Nevertheless, while the sanctions might have crimped growth at Russia’s food retailers, they have not really hurt them. After a few months of trying to replace the ubiquitous Polish apples and other EU perishables, most food retailers found new sources of fresh produce in places like Turkey, Egypt, Brazil and Israel. “It was annoying, as in one month we had to completely remake a distribution system that we had built up over the last 15 years,” says Yakubson. “I know it has become a bit of a cliché, but [European] cheese was probably one of the hardest things to replace. But now most Dutch and Italian cheeses are being made in Russia.”
Crisis veteran
Dixy is no stranger to crises; a veteran of half a dozen, Yakubson has taken this one in his stride. The company’s roots go back to 1992 when it was founded as a wholesale distributor concentrating on the twin giant cities of Moscow and St Petersburg. In those days, the most money was to be made from simply importing foreign goods to stock bare Russian shelves. “It was an easy business. You could have a dirty store with no lights and poor quality space, and still have people queuing up to buy things,” says Yakubson. “That has changed now, as the customer has become more sophisticated and demands better quality service and goods.”

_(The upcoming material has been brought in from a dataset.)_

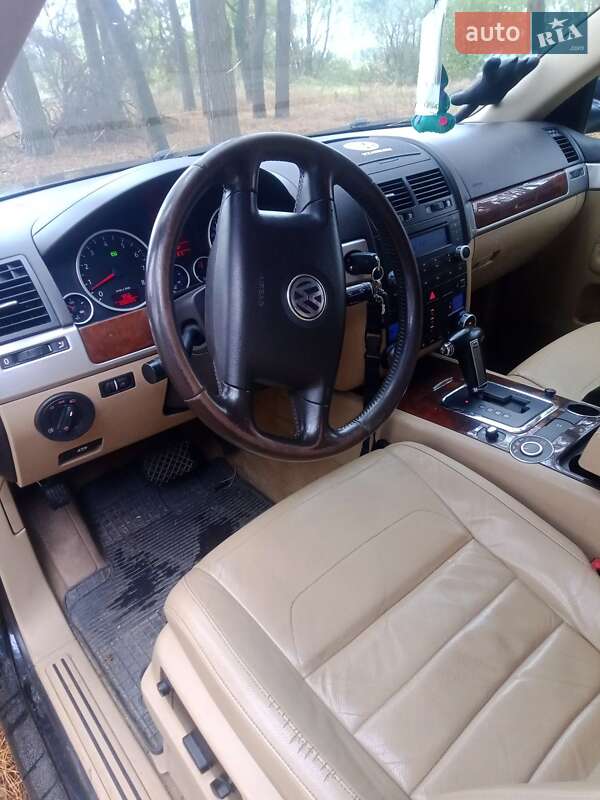 Внедорожник / Кроссовер Volkswagen Touareg 2007 в Мене фото 5 Внедорожник / Кроссовер Volkswagen Touareg 2007 в Мене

However, like most traders Dixy was hit hard by the 1998 financial crisis that saw the ruble cut to a quarter of its value against the dollar overnight. “Wholesalers were in an impossible position: they had to pay dollars for their goods, but revenues were in rubles. By the end of the 90s, most of the wholesalers had gone into retail as the only way to make a profit.”
In 2007, Mercury Group bought out founder Oleg Leonov and then listed the company on the domestic RTS and MICEX stock exchanges to raise funds to accelerate the expansion of the retail chain. However, the share price performance has been lacklustre, with the stock trading in a band between RUB300 and RUB500 for most of the last five years. The share price has fallen markedly this year from a peak of RUB495 on March 20 to close to the bottom of its range now, trading at RUB331 as of October 29.

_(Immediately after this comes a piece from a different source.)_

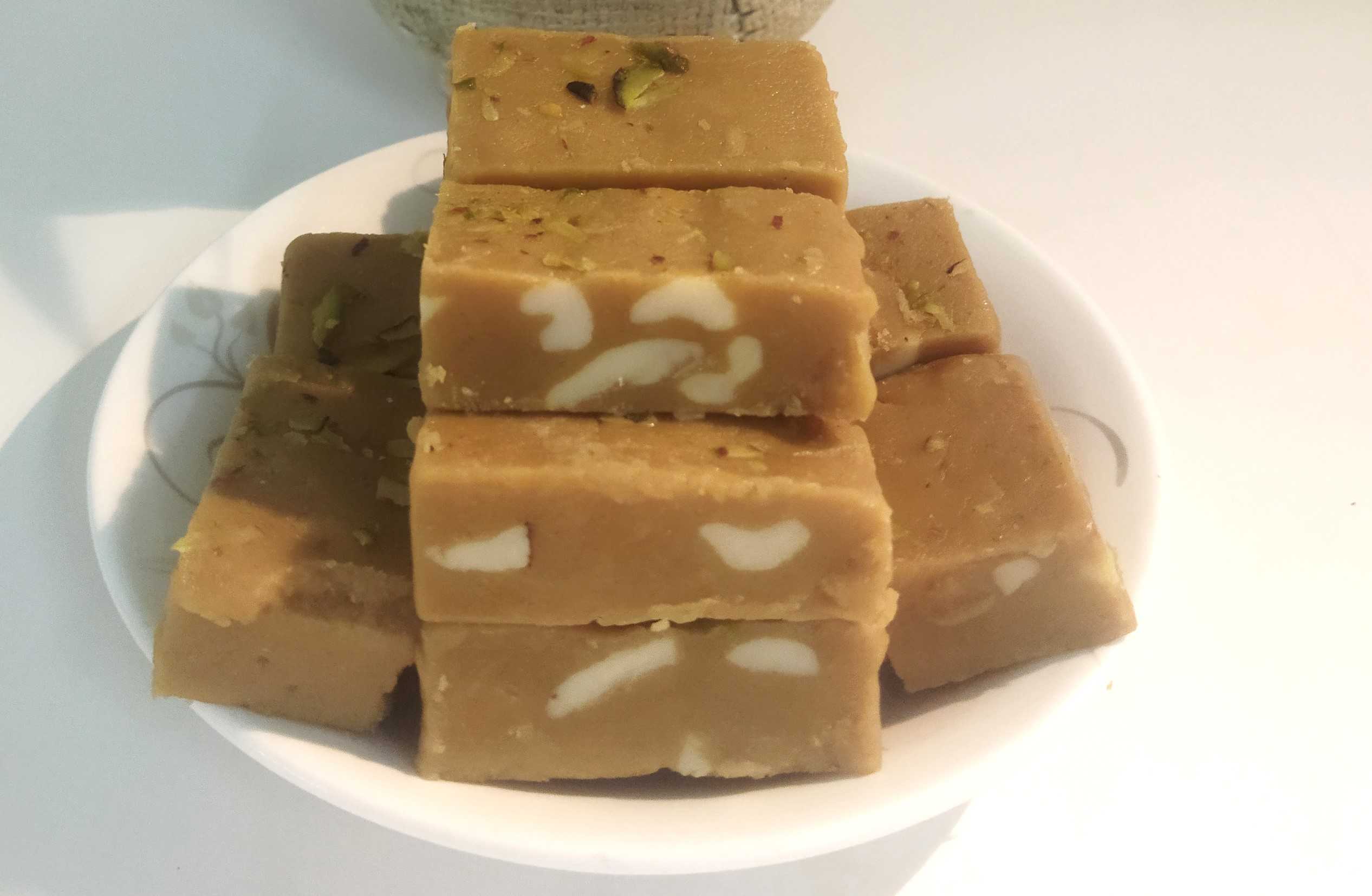 Premium RED N White Velvet Cake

For most of the last decade and half the game in retail has been very simple: grow as fast as you possibly can to grab as much market share as you possibly can. “At the end of the 90s, the leading retailers were not in competition with each other but with the open-air markets,” says Yakubson.

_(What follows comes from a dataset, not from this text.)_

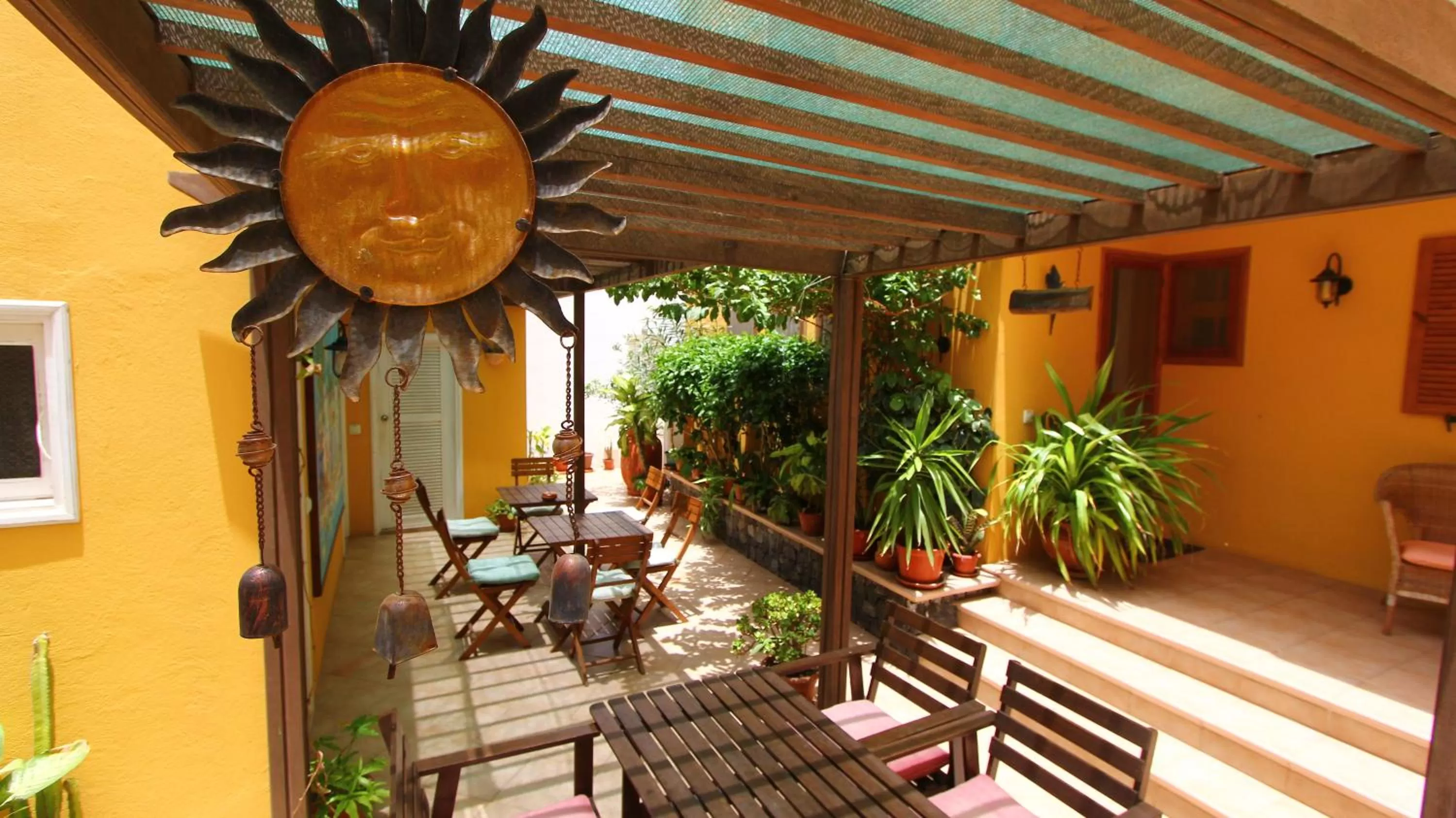 Garden in Kira's Boutique Hotel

Russians have traditionally shopped in the bazaars – huge open-air markets that can still be found at the heart of almost any district in any city. But the share of organized retail (modern retail formats like store chains, supermarkets and hypermarkets) have been rapidly eating into the bazaars’ share of the shopping basket: Yakubson estimates that modern formats now account for 70% of food shopping expenditure, with open-air markets taking the remaining 30%. A decade ago those numbers were the other way round.
Fresh produce, fresh crisis
At the end of 2008, retailing went through the whole boom-bust thing again. Arguably, that crisis was worse than any of the previous ones – and Yakubson reels off a list of them, big and small: 1993, 1998, 2004, 2008 and the current downturn that started in 2014. But like ancient Rome, irrespective of how bad things get, the population will always demand “bread and circuses” – the share of income spent on food fell from three-quarters to a low of about 25% in 2007, but it is expected to increase to over 50% this year.
While Russians have cut back on big-ticket items, like new cars or foreign holidays, they are still buying food – even if they have traded down to cheaper Russian-made goods. Indeed, even that is not clear, as a recent study found that the share of imported goods (that haven’t been banned by the Kremlin) has remained the same – just people are buying less of them.
The operating environment for retailers has got tougher. Rosstat reported that retail turnover fell by an unexpectedly hard 10.4% on year in September and real incomes are also down by 3.3% over the first nine months of this year. But, oddly, that hasn’t affected Dixy’s business much, because the last things Russians will cut spending on are tea, sugar, pasta and bread. “We are on course to open a record number of stores this year: we have already opened 400 more stores in the first nine months of this year, which is more than we opened in all of 2014,” says Yakubson.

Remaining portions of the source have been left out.